## EXERCISE DATA
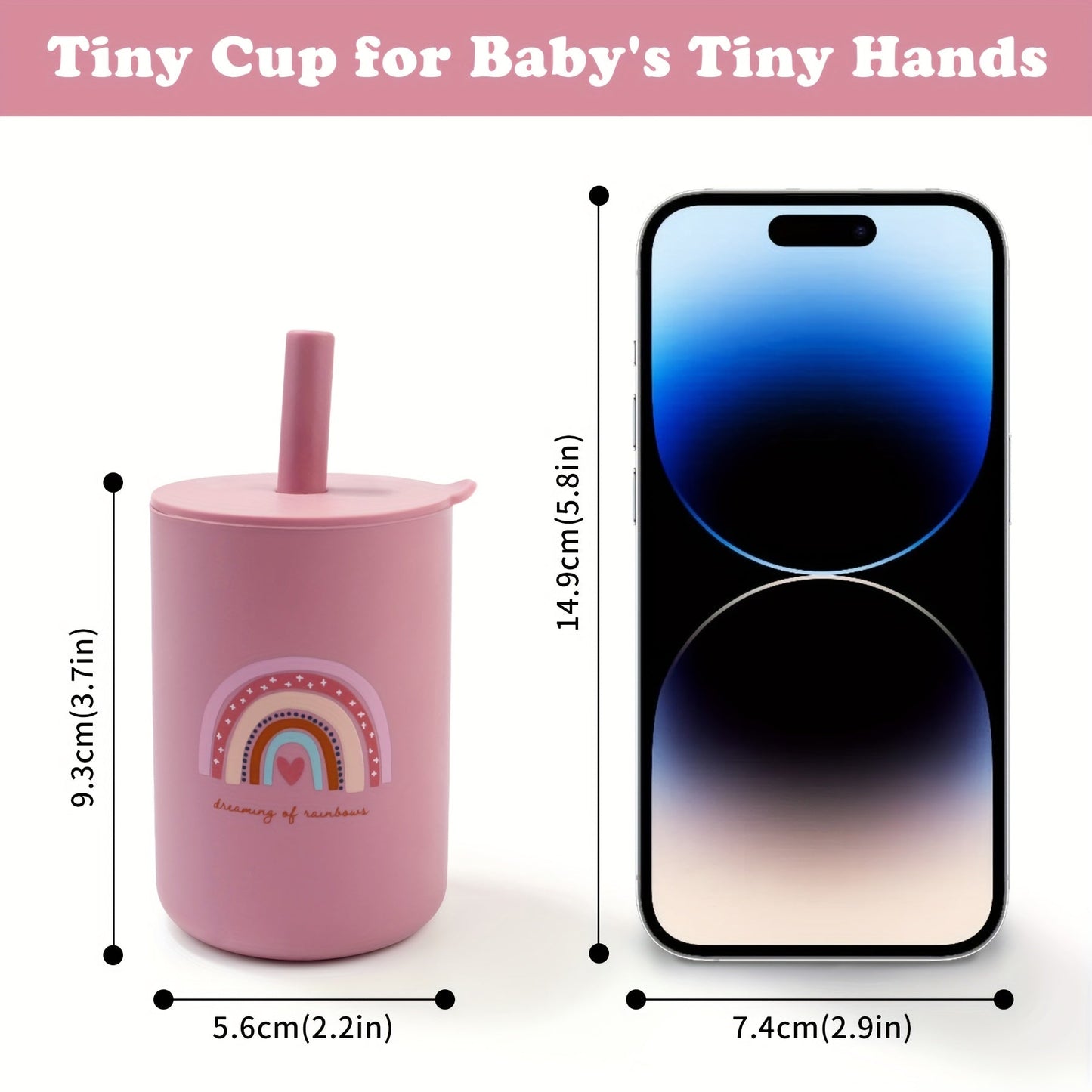 Get the TYRY.HU Silicone Training Cup for Toddlers, designed for safety and convenience. Made from BPA free silicone, this cup is durable, microwave and dishwasher safe, with an easy grip and anti-slip design. It comes with a lid and straw for added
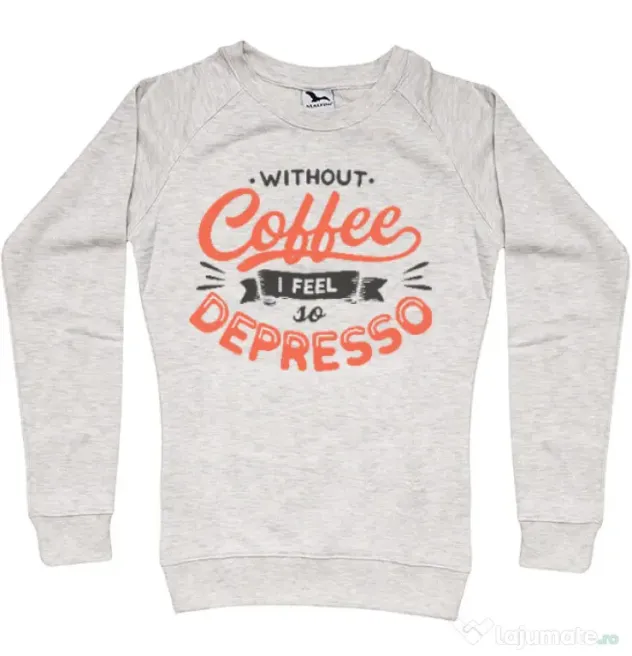 Bluza ADLER dama Without coffee Migdala melanj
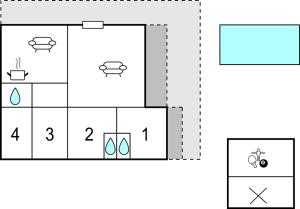 Gorgeous Home In Popovici With Wifi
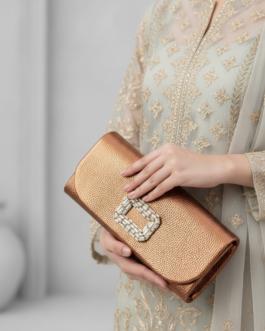 Copper Formal Clutch For Women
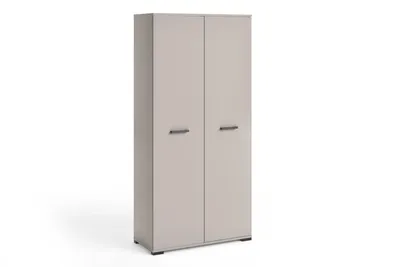 Produktbild von Kleiderschrank FINO mit 2 Türen, Kleiderschrank mit Kleiderstange und Einlegeböden, Schlafzimmerschrank mit Stauraum, Garderobenschrank, Kaschmir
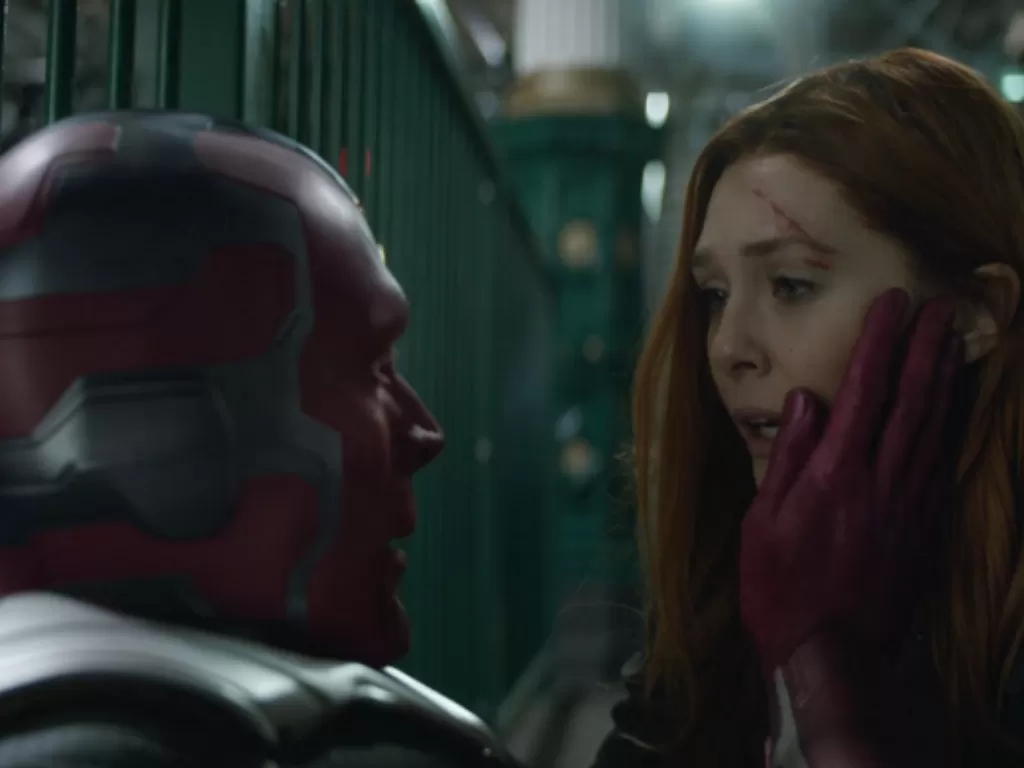 Vision dan Scarlet Witch/Twitter @ComicBook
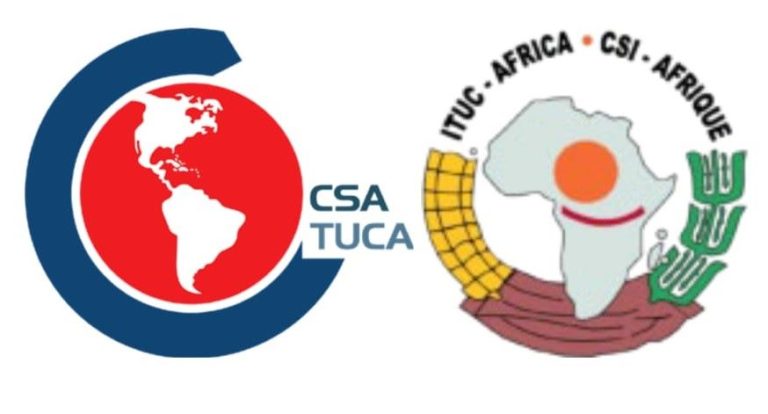 TUCA-ITUC-Africa Logo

## TASK DIRECTIONS
Starting at the line that contains "Vision dan Scarlet Witch/Twitter @ComicBook", extract each line through the last line of the material exactly as written, and include no pictures.

## SOLUTION FOR THIS PROBLEM
 Vision dan Scarlet Witch/Twitter @ComicBook
 TUCA-ITUC-Africa Logo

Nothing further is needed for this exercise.